核心概念
Gait recognition can be improved by fusing silhouette and skeleton representations, and refining the skeleton data using temporal consistency from silhouettes.
要約
The paper proposes GaitSTR, a method for gait recognition that combines silhouette and skeleton representations. The key insights are:
-
Silhouettes lack detailed part information when there is overlap between body segments, and are affected by carried objects and clothing. Skeletons provide more accurate part information but are sensitive to occlusions and low-quality images, causing inconsistencies in frame-wise results.
-
GaitSTR refines the skeleton representation by leveraging the temporal consistency between silhouettes and skeletons. It introduces two-level fusion: internal fusion within skeletons (between joints and bones) and cross-modal correction with temporal guidance from silhouettes.
-
The internal fusion uses self-correction residual blocks to improve consistency between joints and bones in the skeleton representation. The cross-modal fusion uses silhouette features to predict relative changes for joints and bones, refining the skeleton.
-
Experiments on four public gait recognition datasets show that the refined skeletons, when combined with silhouettes, outperform other state-of-the-art methods that use skeletons and silhouettes.
統計
Gait recognition can achieve 98.4% rank-1 accuracy on the CASIA-B dataset, a 23.8% relative reduction in error rate compared to the best 2D convolution-based method.
Gait recognition can achieve 90.8% rank-1 accuracy on the OUMVLP dataset, a small improvement over the previous state-of-the-art.

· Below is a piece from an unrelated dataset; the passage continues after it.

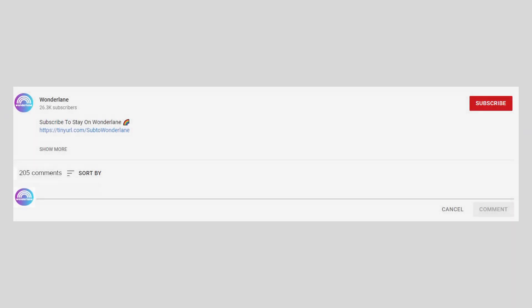That's it for our video. Feel free to let us know in the comments which of these creations you found the best. Otherwise, we'll see you next time here at Wonderlane.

Gait recognition can achieve 65.1% rank-1 accuracy on the Gait3D dataset, a 3.1% improvement over the previous state-of-the-art.

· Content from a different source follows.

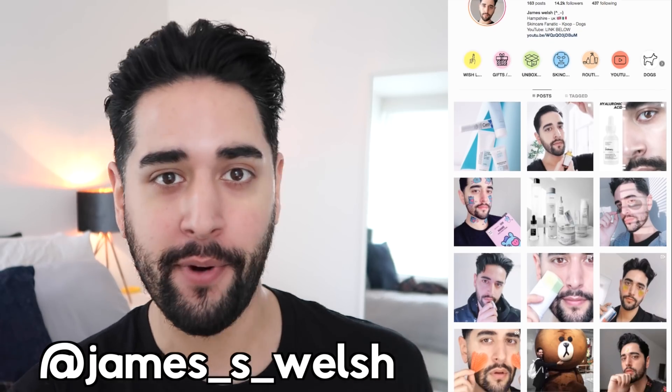Hello everybody, welcome back to my channel where we talk about skincare, grooming, sometimes hair. So if that sounds like your thing, make sure you are subscribed. Also come and follow me on Instagram where I post a lot of stuff that you're not gonna see here on YouTube.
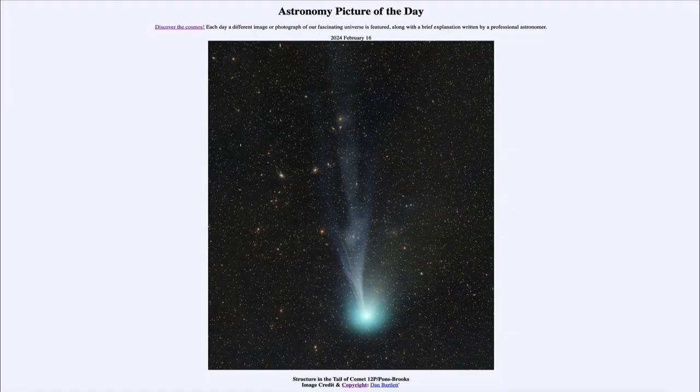So that was our picture of the day for February 16th of 2024, titled Structure in the Tail of Comet 12P Pons Brooks. We'll be back again tomorrow for the next picture. Until then, have a great day everyone, and I will see you in class.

Gait recognition can achieve 89.6% rank-1 accuracy on the GREW dataset, a 3.9% improvement over the previous state-of-the-art.
引用
"Silhouettes suffer from variations due to clothing and carried objects, as shown in Figure 1 (a), introducing external ambiguity, with segmented parts of a binarized silhouette being unavailable."
"Skeletons, on the other hand, include inconsistencies across frames in a sequence due to erroneous joint predictions, as depicted in Figure 1 (b), thereby reducing the accuracy of gait recognition."
"We enhance the quality of skeletons by employing silhouettes to rectify the jitters while retaining necessary identity information for more accurate gait recognition."